The first-year animation student added: “No-one will experience the exact same as you but there’s always going to be people there who are willing to give a helping hand and that’s what our role is, to help, to provide guidance for other students and staff.”
Dr Heather Lloyd, Head of Access and Participation, said: “We want to improve equality of opportunity and better align services with the students’ needs; and to do that well we need to work as closely as possible with students who have lived experience of being in care or being estranged.
“We are asking the students what they need and what barriers they have come up against and they are helping us design the support we can provide, both pre-entry to university and when studying with us.”
This student advisory panel is the fifth to be set up by Edge Hill’s Widening Access and Participation Team, sitting alongside panels for Black, Asian and Minority Ethnic students, mature students, first generation students and students with disabilities.

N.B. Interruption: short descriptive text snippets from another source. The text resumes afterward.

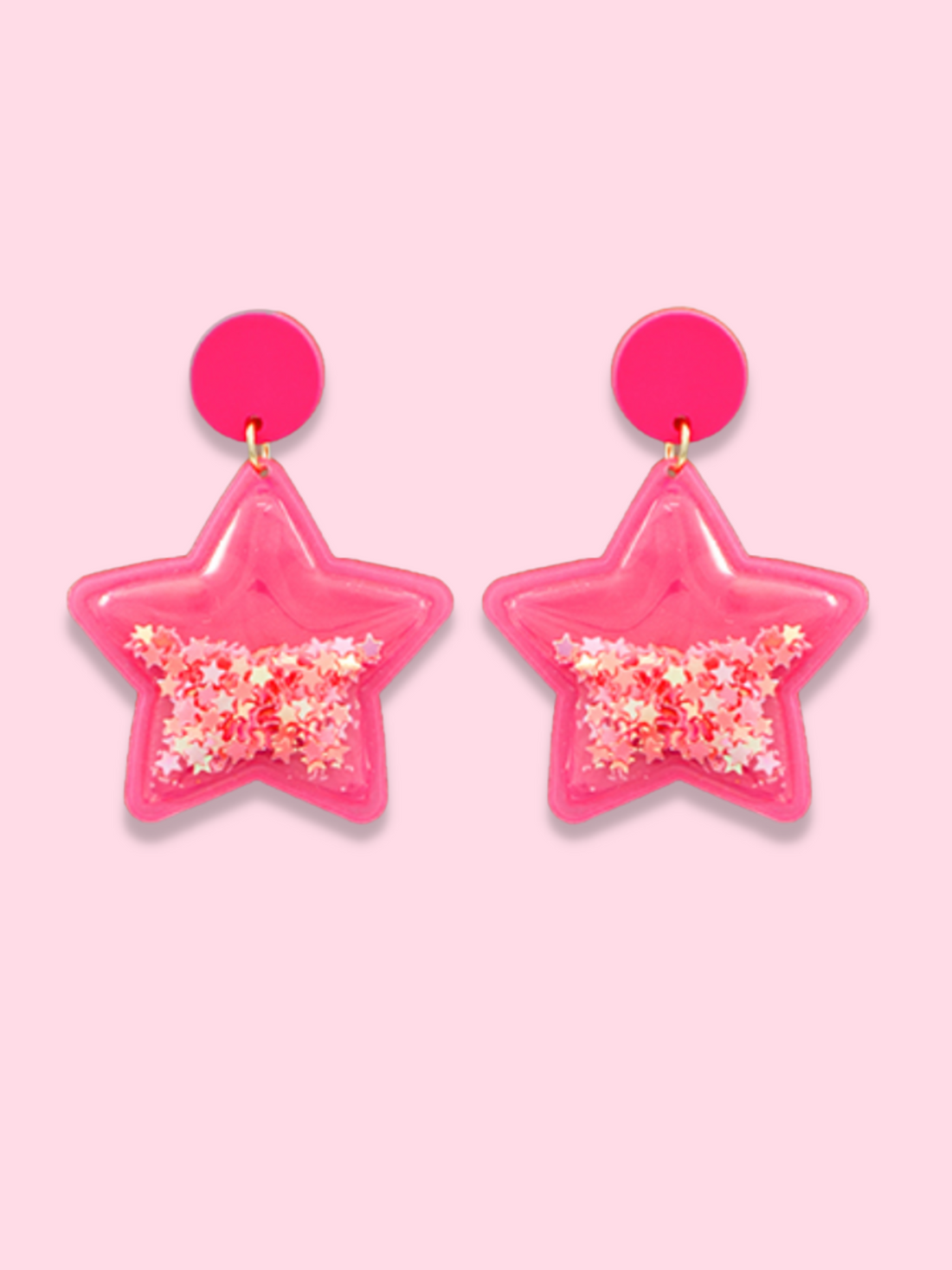 Pink star-shaped earrings with pink glitter inside.
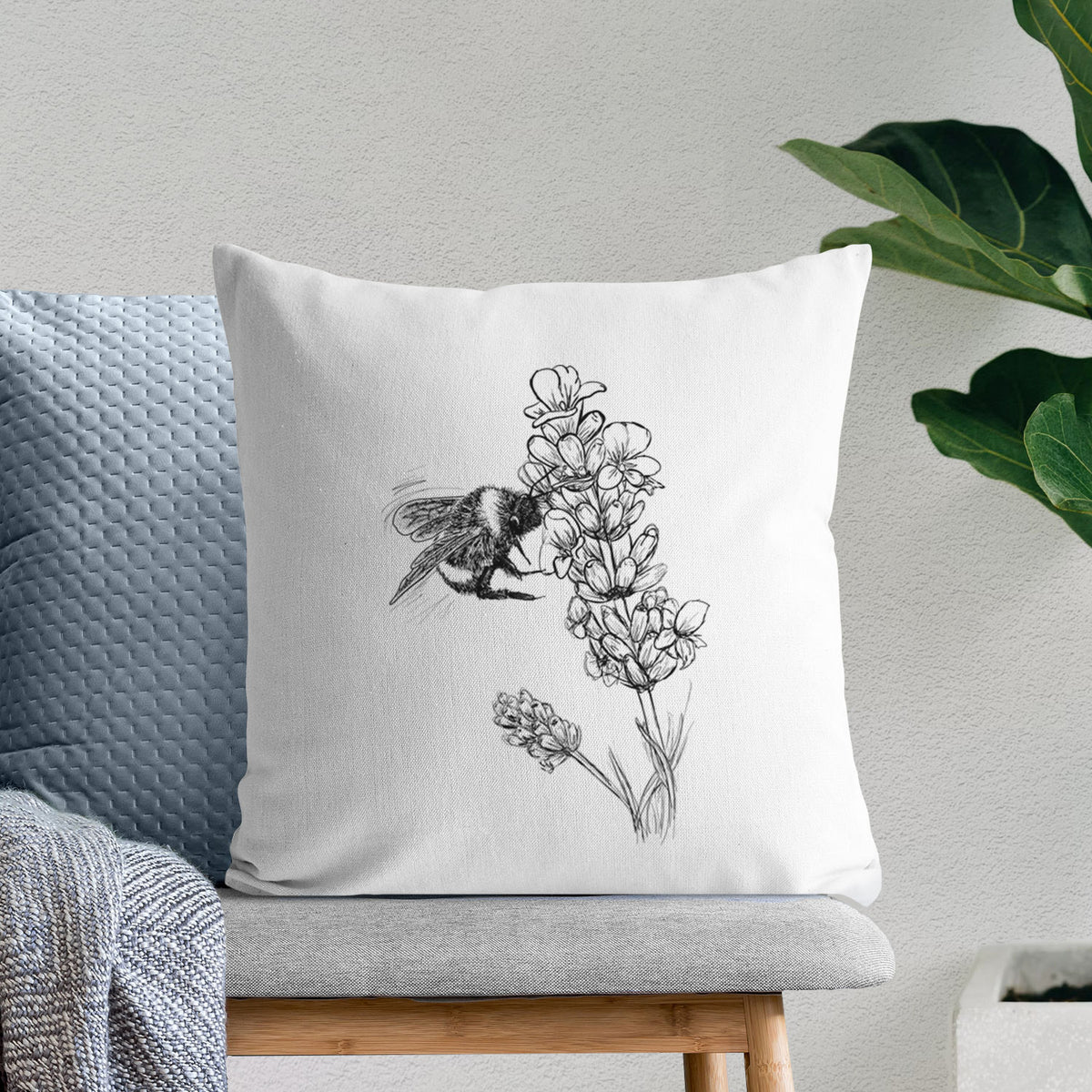 White pillow cover printed with a black ink illustration of a bumble bee visiting a sprig of lavender, on a bench beside plants.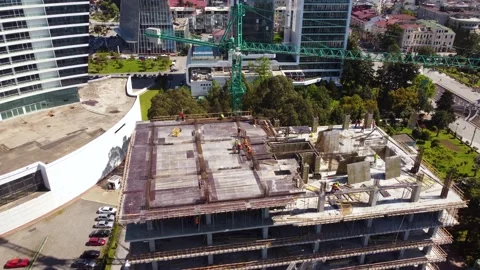 Crane and workers on construction site Stock Footage 168613802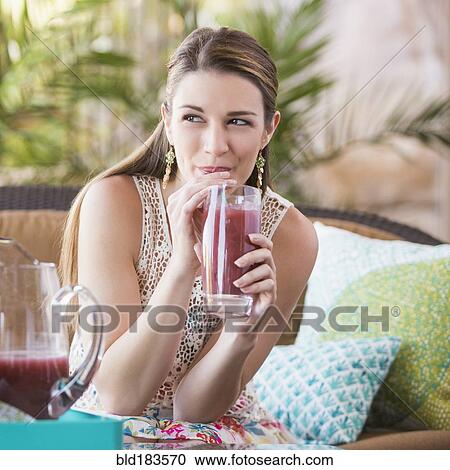 Stock Image - Caucasian woman drinking juice. Fotosearch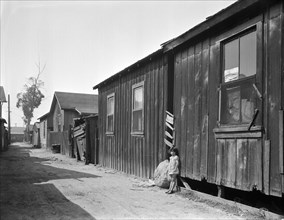 Mexican quarter of Los Angeles, one quarter mile from City Hall, 1936. Creator: Dorothea Lange.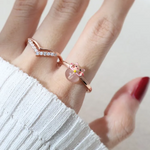 A model wearing the Fortune cat ring crafted in rose gold, featuring a playful cat motif resting on a polished rose quartz gemstone, symbolizing luck and positivity.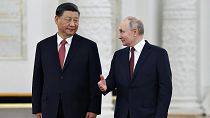 Putin junto a Xi Jinping.
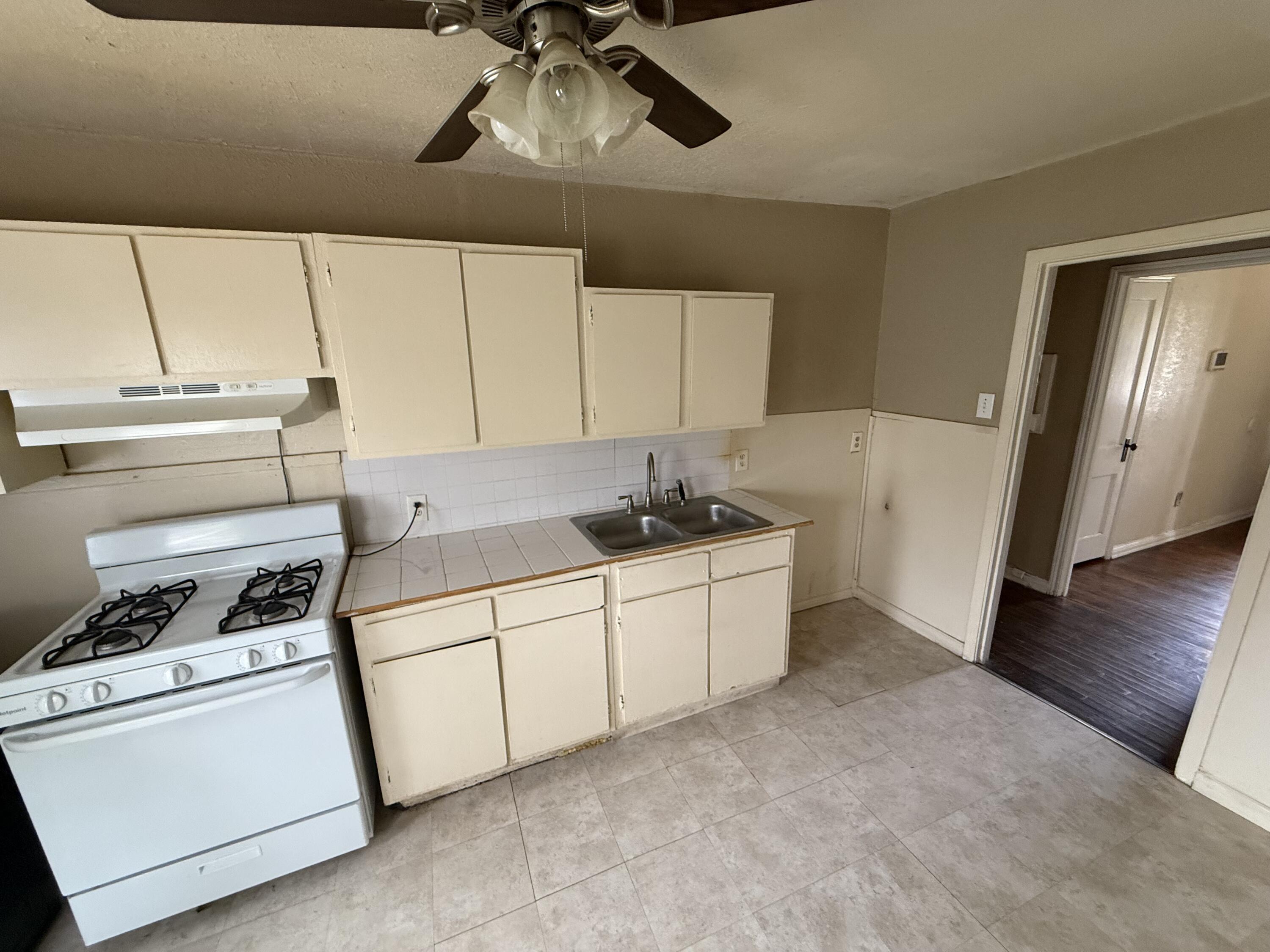 2416 31st Street Lubbock, TX 79411 - Photo 3 of 6 a kitchen with a stove and white cabinets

To find out what support is available to Care Leavers, Care Experienced and Estranged students visit the Widening Access and Participation team webpages for pre-entry, or the Student Support team webpages for on-course support. For enquiries email [email protected].
Edge Hill University has committed to developing its Equality, Diversion and Inclusion (EDI) agenda over the past 12 months, having recently published its new EDI strategy after commissioning Advanced HE’s research team to conduct a bespoke review of its policies.
Over the last 12 months Edge Hill University has been awarded the NNECL Quality Mark, has signed the Care Leaver Covenant and taken the Stand Alone Pledge for Estranged Students, demonstrating the University’s ongoing commitment to supporting students with care experience and those who are estranged from their families.
Care Experienced History Month, launched in 2021, aims to raise awareness of what it means to be care experienced and to commemorate the stories of care experienced people though history.